At that moment, Tristan McLean should have broken once and for all. His life had fallen apart. He’d lost everything he’d worked for his entire career. Now, finding his daughter injured and her former boyfriend dead on the beach of his foreclosed property – surely, that was enough to make anyone’s sanity crumble. Caligula would have another reason to celebrate a good night of sadistic work.

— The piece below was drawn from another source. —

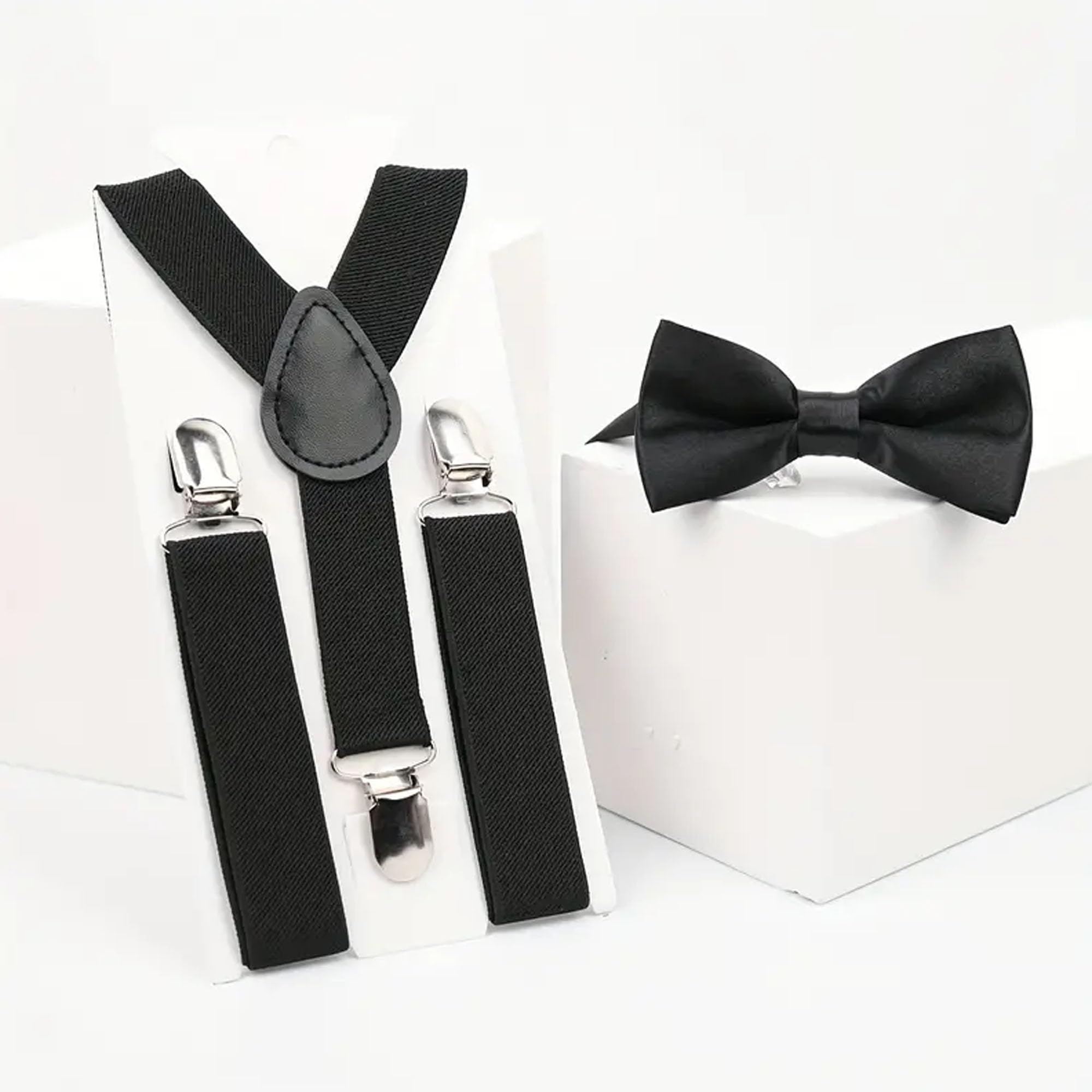 THE BOW TIE HOUSE Kids Formal Accessories Set, Beige Fedora Hat, Black Suspenders and Bow Tie, Ages 1-6 Years, Vintage Style 1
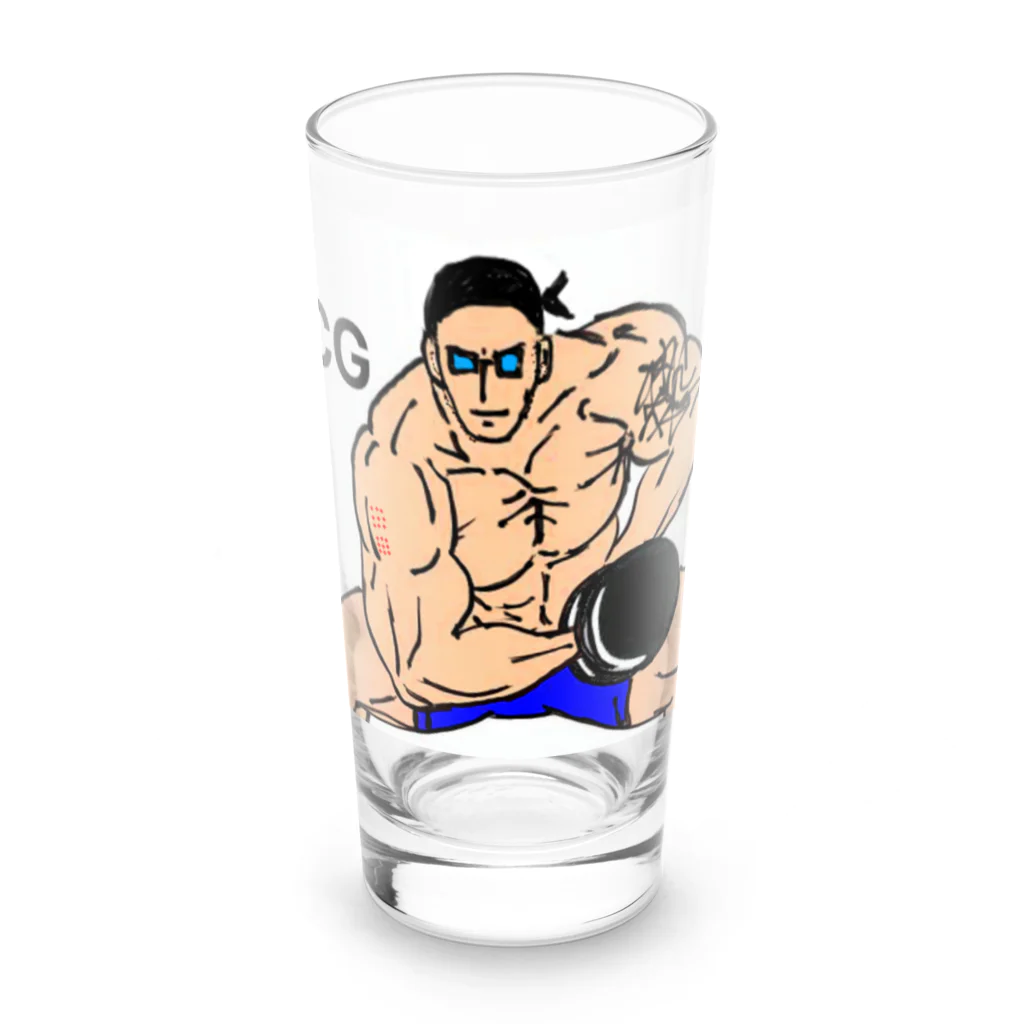 おっくんのふざけた服屋さんのハンコ注射とマッチョくん Long Sized Water Glass :front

Instead, human resilience surprised me once again. Tristan McLean’s expression turned steely. His focus cleared. He must have realized his daughter needed him and he couldn’t afford to indulge in self-pity. He had one important role left to play: the role of her father.

‘Okay, baby,’ he said, cradling her head. ‘Okay, we’ll – we’ll figure this out. We’ll get through it.’

He turned and pointed at Crest, still lurking near the cliff. ‘You.’ Crest hissed at him like a cat.

Mr McLean blinked, his mind doing a hard reset.

He pointed at me. ‘You. Take the others up to the house. I’m going to stay with Piper. Use the landline in the kitchen. Call nine-one-one. Tell them …’ He looked at Jason’s broken body. ‘Tell them to get here right away.’

Piper looked up, her eyes swollen and red. ‘And, Apollo? Don’t come back. You hear me? Just – just go.’

‘Pipes,’ her father said. ‘It’s not their –’ ‘GO!’ she screamed.

As we made our way up the rickety stairs, I wasn’t sure which felt heavier: my exhausted body, or the cannonball of grief and guilt that had settled in my chest. All the way to the house, I heard Piper’s sobs echoing off the dark cliffs.